The mutual, which also said chief executive Barry Tootell had quit with immediate effect yesterday, insisted it did not need state help, adding that its liquidity levels are “significantly above the regulatory requirements”.
In a statement, the company said: “We would like to reassure customers and members that we haven’t sought, nor do we need, government support.”
Moody’s slashed the Co-op’s debt rating to “junk” status because of its concerns over costs linked to the firm’s takeover of Britannia Building Society in 2009. It also calculated that the Co-op’s “problem loan ratio” had increased to 10.9 per cent at the end of 2012 from 8.1 per cent in 2011, reflecting a deterioration in its commercial property book.
A spokesman for the Co-op, which last month walked away from talks to buy more than 600 branches from Lloyds Banking Group, said the lender has a “clear plan” to strengthen its capital position and simplify its business.
It racked up a £662m loss last year because of “non-core” write-downs related to the Britannia takeover and a £150m charge to compensate customers who were mis-sold loan insurance.
The firm has agreed to sell its fund management and life insurance businesses to Royal London for £219m and is also planning to offload its general insurance arm to strengthen its balance sheet.
The Co-op has been at the centre of intense speculation over its financial strength after pulling out of the Lloyds branches deal, which is thought to have collapsed as it struggled to fill a £1 billion shortfall in its reserves to cushion any potential future crises.
Tootell had been chief executive of the bank for less than two years and a spokesman said he “decided that the time is now right for him to stand down from his role” after the firm walked away from the £750m acquisition of 632 branches. He will be replaced by Rod Bulmer, who has been with the bank for six years and previously headed up UK retail distribution for Santander.

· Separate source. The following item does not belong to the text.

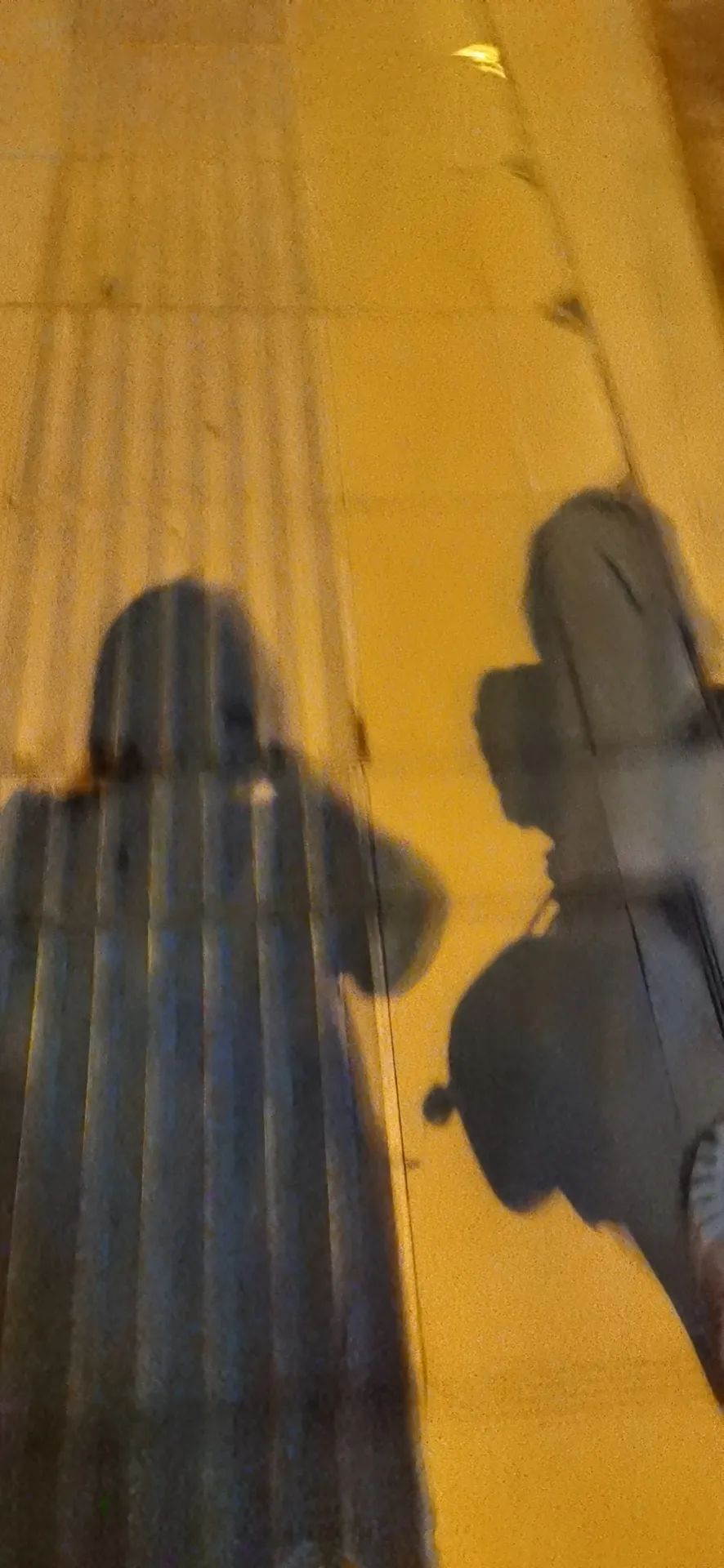 听听审计人的“盛夏果实”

George Osborne said the Co-op’s plans to strengthen its capital position would be supervised by the Prudential Regulation Authority (PRA), set up last month to oversee the soundness of Britain’s banks and building societies.
Speaking at a G7 meeting of finance ministers in Buckinghamshire, the Chancellor said: “We now have a very strong independent regulatory system that looks at all of our banks, including the Co-op, and indeed here at the G7 we are going to be talking about what we can do to strengthen international co-ordination and regulation of our financial system.”
The PRA and Treasury said they did not comment on individual banks. When asked whether the UK government would step in to help the Co-op if needed, the Prime Minister’s spokesman said: “I’m not going to speculate on something that hasn’t happened yet.
“I would simply say that we are committed to having a strong and stable financial sector, and when we say ‘strong and stable’ we also mean well-regulated.”